Translated here: https://twitter.com/RnaudBertrand/status/1718201487132885246
Viewed from the angle of the West, I think the message it needs to avoid isolating itself from the world is very unusual for Western media and important.
Quote:
"Westerners must open their eyes to the extent of the historical drama unfolding before us to find the right answers."
And
"This Palestinian question will not fade. And so we must address it and find an answer. This is where we need courage. The use of force is a dead end. The moral condemnation of what Hamas did - and there's no "but" in my words regarding the moral condemnation of this horror - must not prevent us from moving forward politically and diplomatically in an enlightened manner. The law of retaliation is a never-ending cycle."

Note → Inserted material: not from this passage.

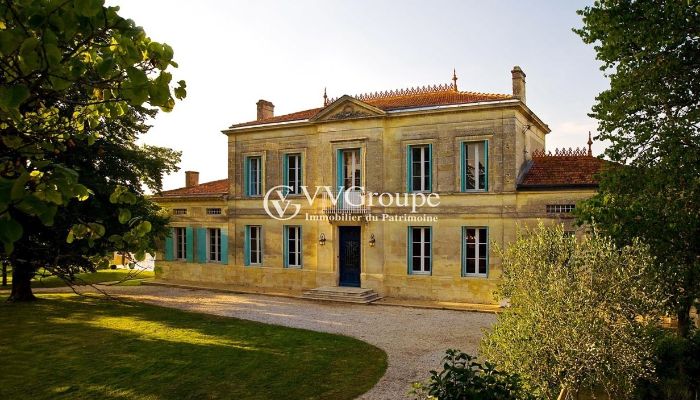 Zámek na prodej Blaye, Nouvelle-Aquitaine,  Francie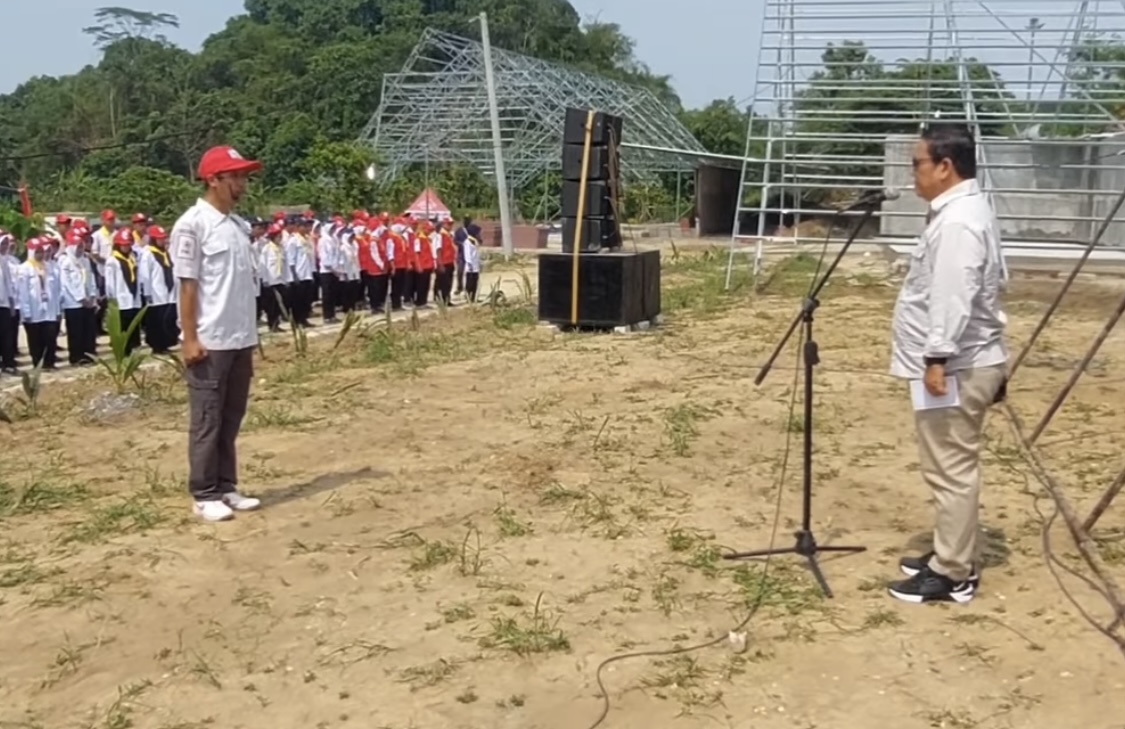 LAPOR. Pemimpin upacara Jumbara PMII sedang melapor kepada Wabup Amir Hamzah sebagai Pembina Apel, di di Kampung Pasir Gendok, Kecamatan Cibadak, Kabupaten Lebak, Sabtu (24/10) lalu. (DOK. PROKOPIM SETDA LEBAK)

Spend tons of money on iron dome to shoot down the rockets and hope that Hamas won't manage to conduct another massacre, even if "only" half the scope of October 7?
This mess features not one but two parties who currently reject the concept of a cease fire.
I’ve heard this line from people who say the West Bank and Gaza are the occupied land, to those who say all of Israel is occupied land. The former makes sense. The latter is extreme.
> like apartheid South Africa was dismantled
South Africa wasn’t as militarised as the Levant has become, unfortunately. As long as Iran seeks the destruction of Israel, itself and through its proxies, any Mandela-type accounting is probably fruitless. (I am open to being convinced otherwise.)
In what way is it not? The state was created by western powers less than 100 years ago and has aggressively pursued European and US immigration since then.
The current state of things is an entirely manufactured situation and it's becoming more and more farcical. There's only so many times you can interview a guy with a British or New York accent talking about his ancestral right to the desert before things start looking a little bit weird.
That's not entirely accurate at all. There was indeed a UN decision to partition the land and to acknowledge Israel, but no one was enforcing it. The Arabs and Jews were left to battle it out in a horrible war. Jews were facing the real possibility of a second extermination only 3 years after the holocaust (I don't think I'm exaggerating the consequences of what defeat would have looked like had the Jews lost that war).
The British policy towards Jews in Palestine was not consistent at all, and at a certain point they sided with the Arabs and banned Jewish immigration to Palestine - even at the height of the holocaust.